• [What is required] Would you repeat the whole listing exactly, pictures excluded?

• [Data supplied]
=== Begin Enclosure ===
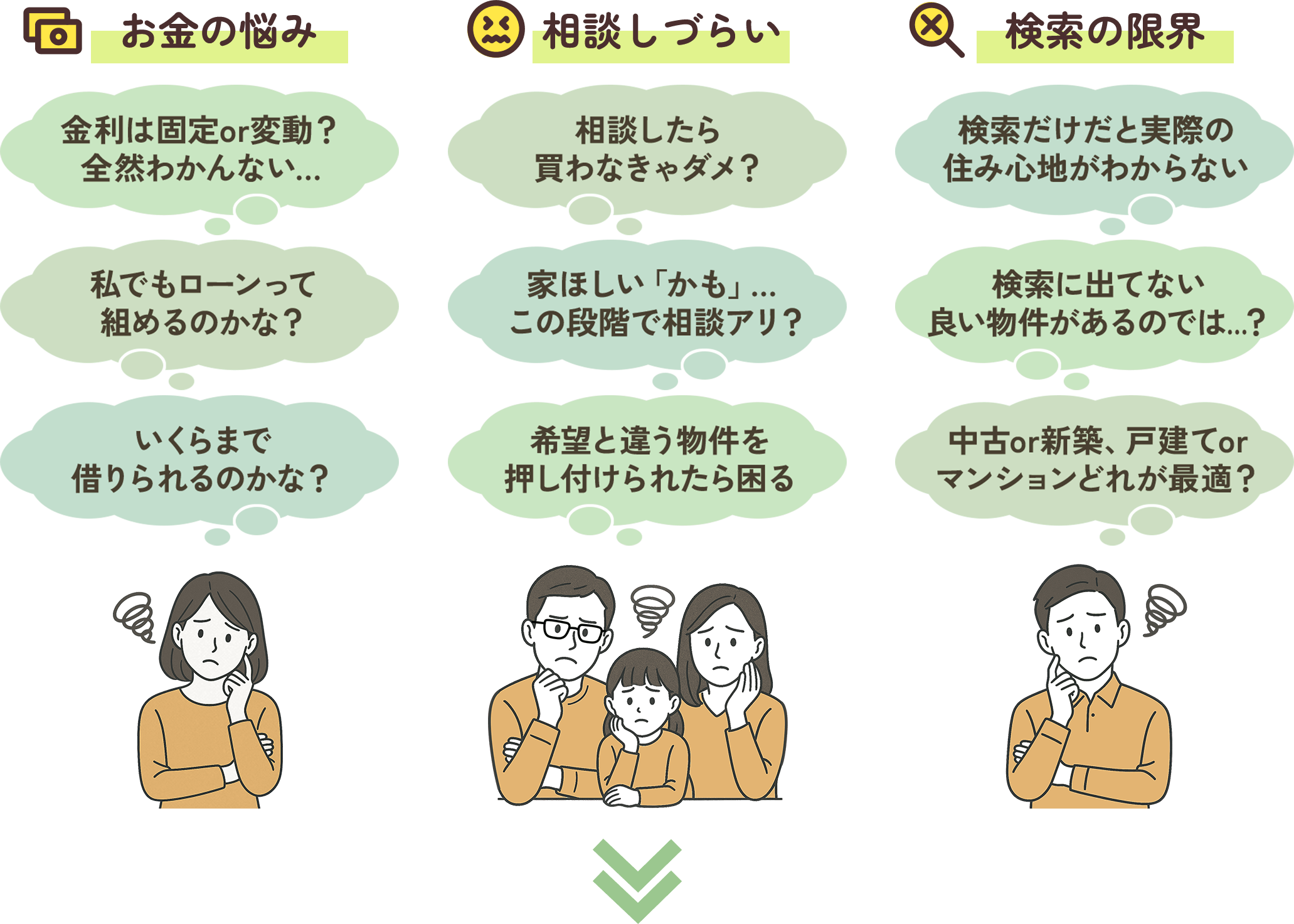 お金の悩み/相談しづらい/検索の限界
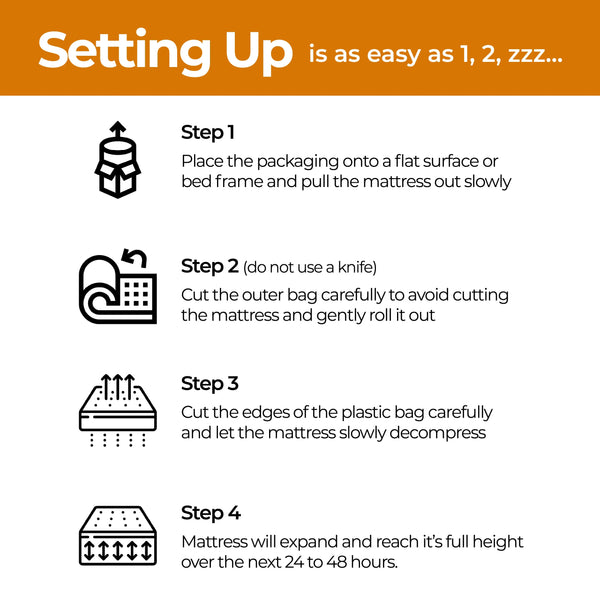 ValueSleeper 3-Zone Orthopaedic Pocket Spring Double Mattress from Deals499 at Deals499
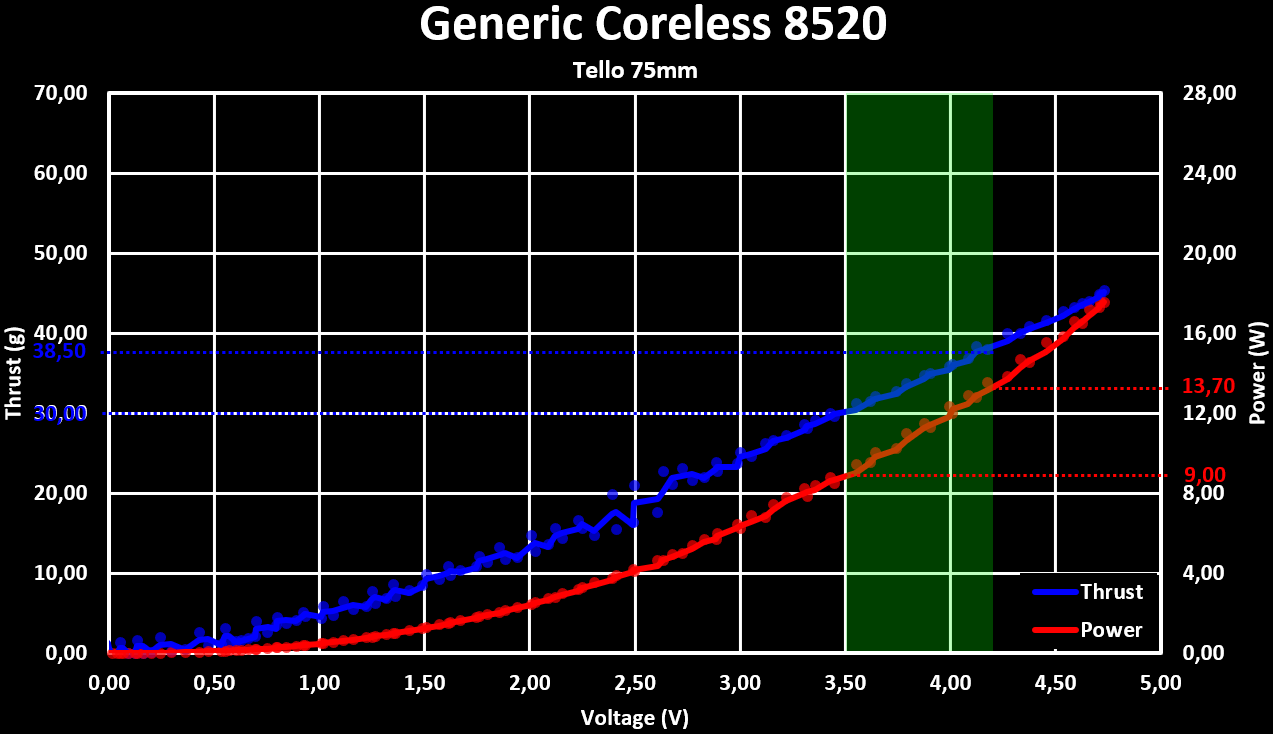 Generic Coreless 8520 Tello 75mm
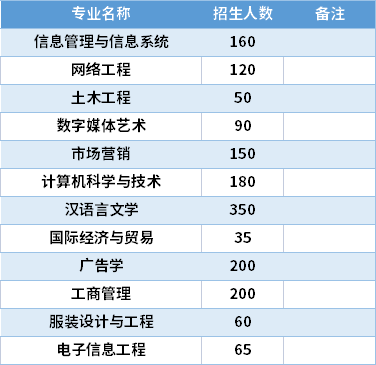 2021閩南科技學(xué)院專升本專業(yè)計劃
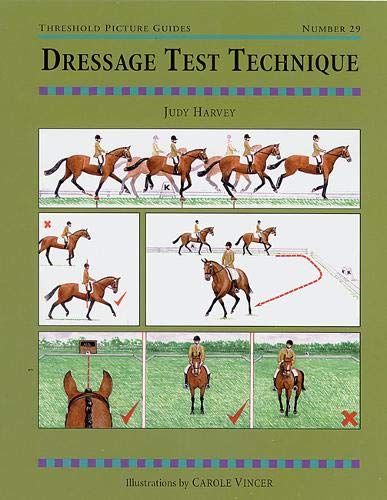 Threshold Guide No. 29 - Dressage Test Technique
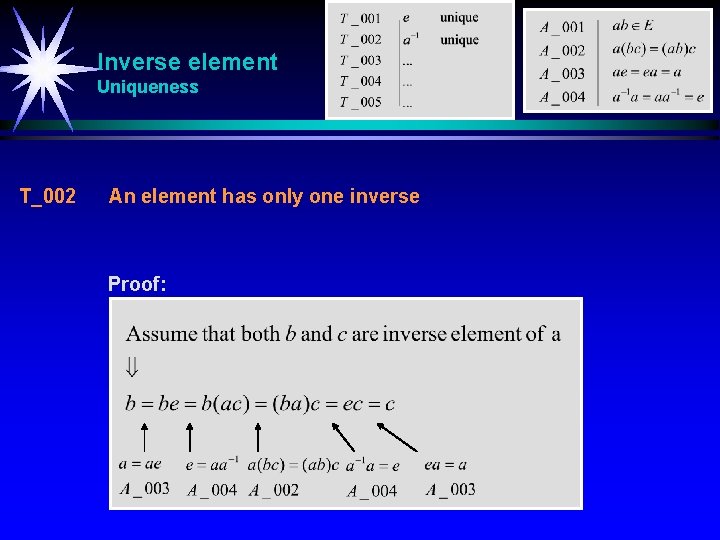 Inverse element Uniqueness T_002 An element has only one inverse Proof: 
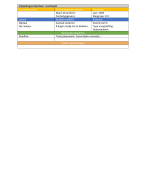 Hulp bij structureren van vakken
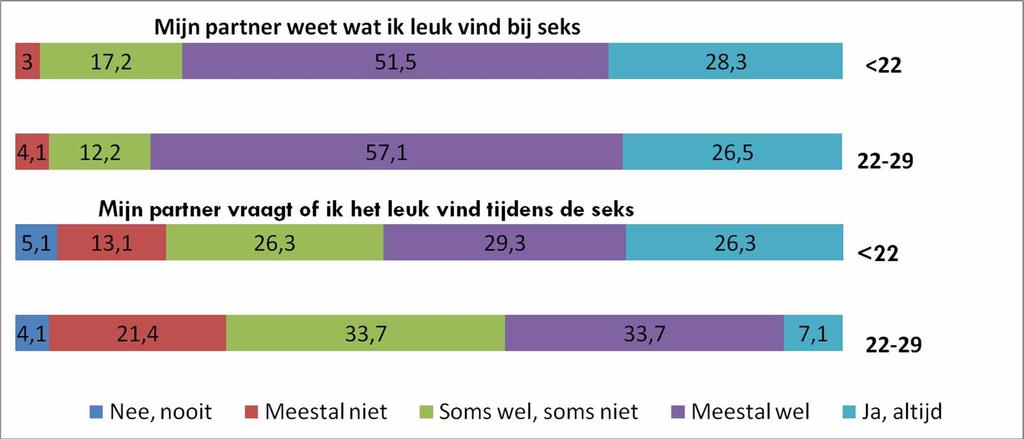 Homoseks wordt meestal als leuk ervaren: de partner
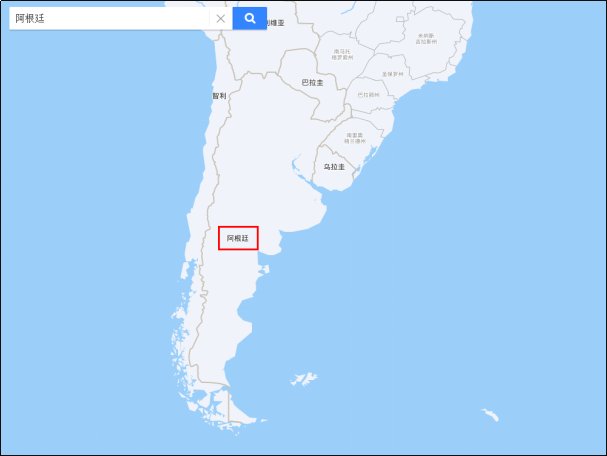 世界杯八强名单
=== End Enclosure ===
• [Task result]
 お金の悩み/相談しづらい/検索の限界
 ValueSleeper 3-Zone Orthopaedic Pocket Spring Double Mattress from Deals499 at Deals499
 Generic Coreless 8520 Tello 75mm
 2021閩南科技學(xué)院專升本專業(yè)計劃
 Threshold Guide No. 29 - Dressage Test Technique
 Inverse element Uniqueness T_002 An element has only one inverse Proof: 
 Hulp bij structureren van vakken
 Homoseks wordt meestal als leuk ervaren: de partner
 世界杯八强名单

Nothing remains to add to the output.